Seattle Symphony musicians unanimously (as in no one voted for it) rejected management’s last, best offer.  The players cite four reasons for the rejection — salary concessions ($11 million is too much), length of the contract (5 years is too long), unfilled positions (too many temp players in key spots), and experimental revenue sharing (unproven).  The text of the full press release is after the jump.

Musicians unanimously reject contract offer from Seattle Symphony

In a vote this afternoon, the members of the Seattle Symphony & Opera Players’ Organization unanimously rejected a contract proposal from management of the Seattle Symphony Orchestra (SSO).

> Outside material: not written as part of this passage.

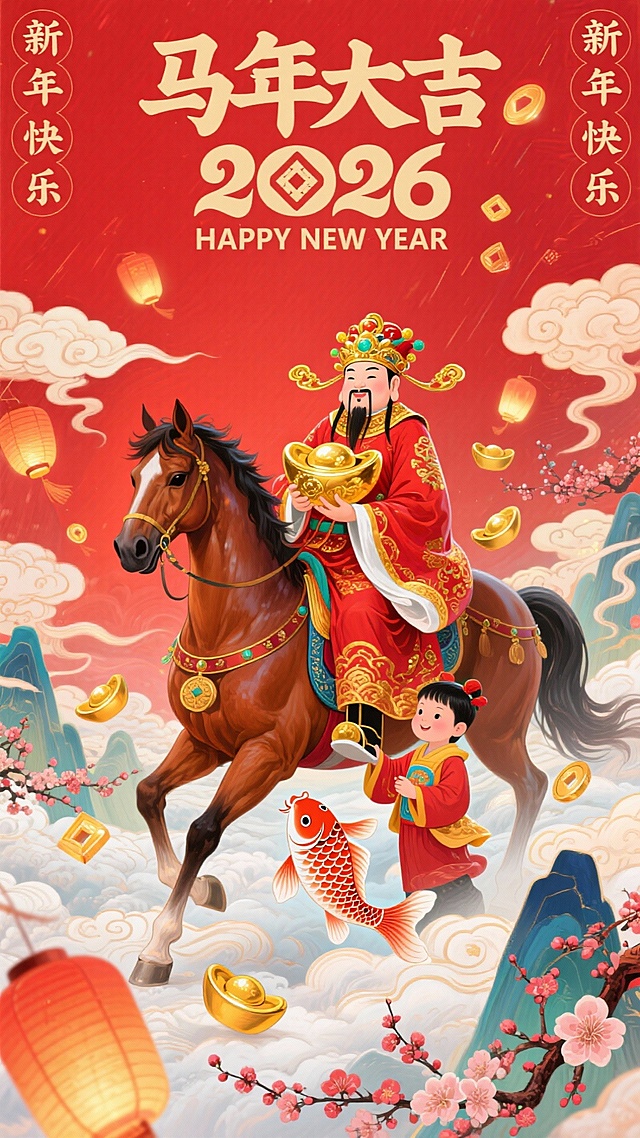 以正红为底色画面主体是身着华丽红金吉服的财神骑棕马，占画面三分之二的位置，旁伴持锦鲤的孩童，点缀灯笼、元宝、祥云、梅花等吉祥元素，上方有 “马年大吉”“2026”“HAPPY NEW YEAR” 字样，左右侧配 “新年快乐”，整体喜庆热闹，传递马年招财纳福的新春祈愿。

The last extension of the musicians’ contract (collective bargaining agreement) with the SSO expired at midnight Dec. 31, and the musicians have already passed a strike authorization, if warranted. No work stoppage is anticipated at this time.

“The musicians are committed to building a successful present and future for the SSO,” explained Tim Hale, violist and chair of the musicians’ union. “America’s successful orchestras demonstrate that visionary leadership and best practices produce organizations that thrive, both artistically and financially. Seattle can be one of those orchestras. We wish to work with the extended SSO family to seek solutions, solve problems and secure our place on that path.”

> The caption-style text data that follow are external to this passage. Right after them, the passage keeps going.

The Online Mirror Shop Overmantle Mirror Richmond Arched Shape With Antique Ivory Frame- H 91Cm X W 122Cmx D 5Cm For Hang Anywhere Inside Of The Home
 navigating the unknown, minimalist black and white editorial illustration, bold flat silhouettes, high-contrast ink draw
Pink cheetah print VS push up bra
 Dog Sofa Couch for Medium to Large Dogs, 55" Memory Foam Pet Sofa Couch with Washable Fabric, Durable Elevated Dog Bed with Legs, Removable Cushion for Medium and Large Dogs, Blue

The musicians had proposed a two-year contract arrangement, with salaries decreasing for the remainder of this season, then increasing slightly next season. They also proposed ways for the SSO to launch new artistic and performance initiatives to produce new revenue. This follows a contract extension over the last four years, in which the musicians voluntarily reduced their salaries and benefits by $3.2 million, to ensure the financial recovery of the organization.

According to Hale, the musicians’ top reasons for rejecting the SSO management contract are:

· Length of contract – The five-year contract proposed by management would make the organization inflexible and unresponsive to the needs and wishes of incoming leadership. This will jeopardize the search for a new Executive Director and Music Director. It also bases wages in 2014 on last year’s economy. We need a short-term agreement to allow the economy to recover and stabilize, and for new Symphony leadership to be in place.

· Salary concessions – Management seeks concessions in salaries and benefits amounting to more than $11 million over five years, adjusted for cost of living. It would take until 2014 before we would begin earning the pay level that was promised for 2005. The SSO musicians already earn 38 percent less than the average of their colleagues in peer orchestras, adjusted for cost of living. Even ignoring the high cost of living in Seattle, the musicians are still paid 22 percent less than the average of their peers. The SSO is the only major symphony orchestra in the U.S. which collects more performance revenue than it pays its musicians.

· Unfilled positions – This would hold an unlimited number of positions in the orchestra open for the duration of the agreement. The orchestra currently has eight vacant positions, and by the end of a five-year period, that number could jump to more than 20. Nearly 25% of the orchestra, including key principal positions, could be made up of low-cost substitutes, rather than highly qualified, full-time artists.

· Experimental compensation scheme – A “revenue sharing” provision was seen by the musicians as “window dressing,” with no reason to believe it would succeed in a not-for-profit environment. It would make the musicians’ compensation contingent upon the performance of yet-to-be-hired SSO management.

The Seattle Opera portion of the musicians’ work, which amounts to about 15 percent of their time and compensation, is already covered by an extension agreement with the opera, providing for flat compensation through this year.